Obama’s ‘New’ Gay Marriage Stance Is Dick Cheney’s

MEDIA ROOTS — In a 2004 campaign stop for George W. Bush, former vice president and war criminal Dick Cheney was asked what he thought about same sex couples. He responded with the following:

“Lynne and I have a gay daughter, so it’s an issue our family is very familiar with….With the respect to the question of relationships, my general view is freedom means freedom for everyone. … People ought to be free to enter into any kind of relationship they want to…..The question that comes up with the issue of marriage is what kind of official sanction or approval is going to be granted by government? Historically, that’s been a relationship that has been handled by the states. The states have made that fundamental decision of what constitutes a marriage.”

In 2004, Obama took a similar position when he was an Illinois state senator.  However, his position changed when he began his presidential bid in 2007.  Obama’s stance ‘evolved’ into a wishy-washy proclamation of the acceptance of same-sex couples while refraining from classifying it as traditional marriage.  Over the years, Obama’s ‘faith’ played more of a factor.

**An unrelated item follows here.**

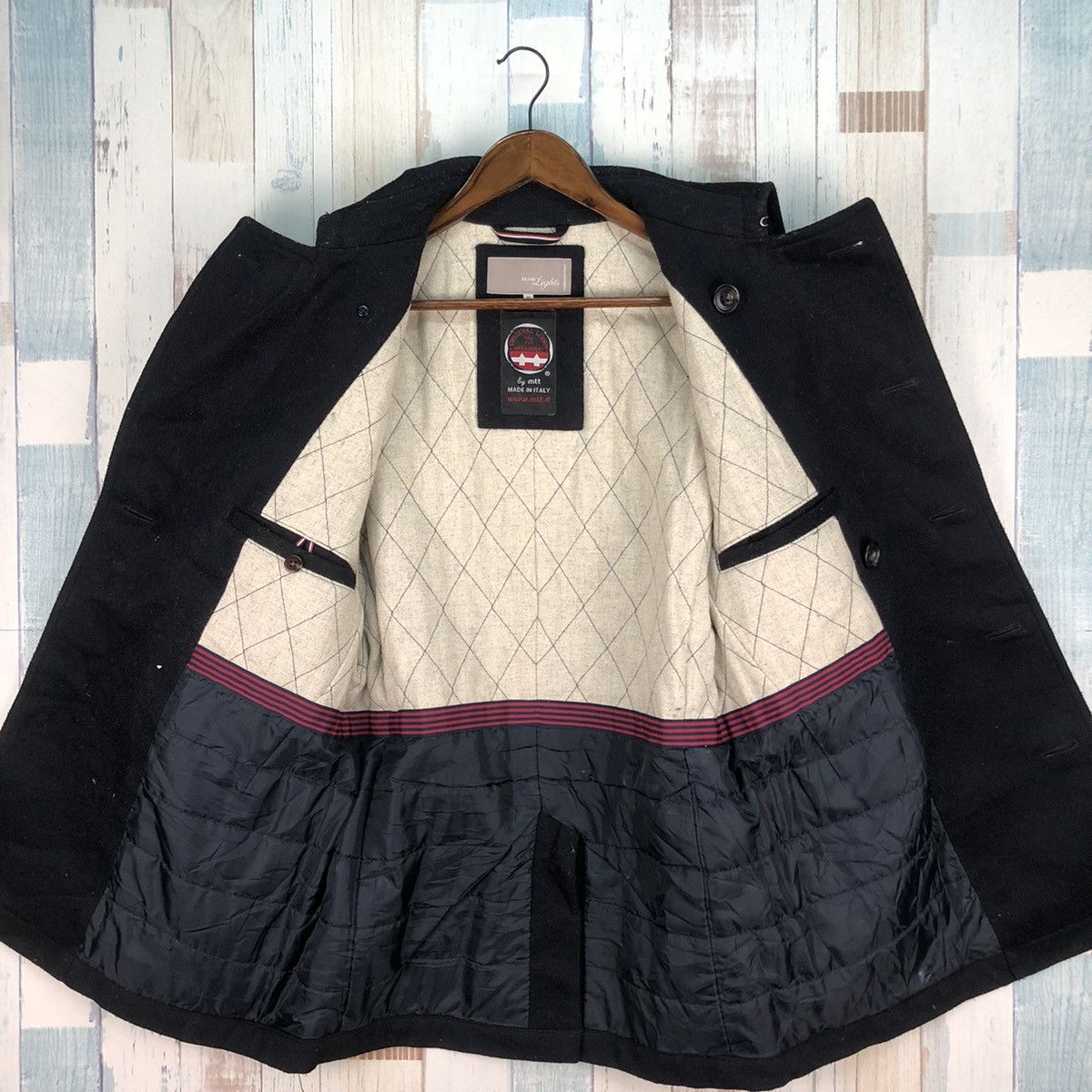 Beams Plus × Japanese Brand Vintage Beams Lights Wool Jacket Size US M / EU 48-50 / 2 - 3 Thumbnail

“I’m not in favor of gay marriage. I’m in favor of civil unions.” –Obama, 2007

“I believe that marriage is the union between a man and a woman. I’m not somebody who promotes same-sex marriage.” –Obama, 2008

To the surprise of many, he just reversed his position to officially endorse same sex marriage in an ABC news interview—this time as sitting president.  It is a curiously timed announcement, right at the beginning of his re-election campaign.  Could it be in part an attempt to gain back some of the liberal base he lost with his first term continuation of Bush policies?

Some gay advocacy groups say that if they hadn’t put continuous pressure on the president about the issue, that nothing would have been accomplished, and Obama would continue to remain ‘unsure.’  If this is indeed the case, it points to the need for every activist group to continue putting pressure on Obama.  Instead of taking a ‘hands off’ approach to ensure the safety of his second term and hoping that only then will he create change, they should be actively lobbying to him for their cause. 

Other groups say that Obama simply hasn’t gone far enough and that leaving it up to the states is effectively a cop-out.  States can still choose to ban gay marriage if they wish.  Regardless, at Media Roots we can’t deny the positive symbolic power and sweeping effect this will have on the LGBT as well as homophobic sectors of the United States population.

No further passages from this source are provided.